Until then, I have been indulging my nesting urges by reading lots of “shelter blogs” and meditating on our possessions and new space. During grad school, I was very invested in ideas about homemaking, interior design, and other domestic arts. Not only did these ideas inform my art practice, but they also were important to me personally, shaping my outlook on life and method of making my way in the world. I read a lot of scholarly and not-so-scholarly books and articles about this topic, everything from Gaston Bachelard’s The Poetics of Space, to Witold Rybczynski’s Home to design books put out byMartha Stewart, Sunset, and Better Homes and Gardens.
But lately, maybe since I moved out here to LA, I have lost touch with that facet of my inspiration. Even though I very carefully thought out the arrangement of our old apartment and placement of things within it, I never felt truly at home there.
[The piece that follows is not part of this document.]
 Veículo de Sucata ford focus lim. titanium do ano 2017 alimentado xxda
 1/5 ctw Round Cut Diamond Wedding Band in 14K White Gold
I cooked and wiped and vacuumed and watered, but I did not felt invested in that nest. And at the same time, those ideas seemed to fade out of my work, in favor of using art as way to investigate and record this new landscape I was experiencing.
So now that I am re-investigating home-making, I wonder what effect this will have on my art, especially since my studio will be next to our house. Will I become reinvigorated with these ideas or remain in this floating landscape world I have working in for the past few months?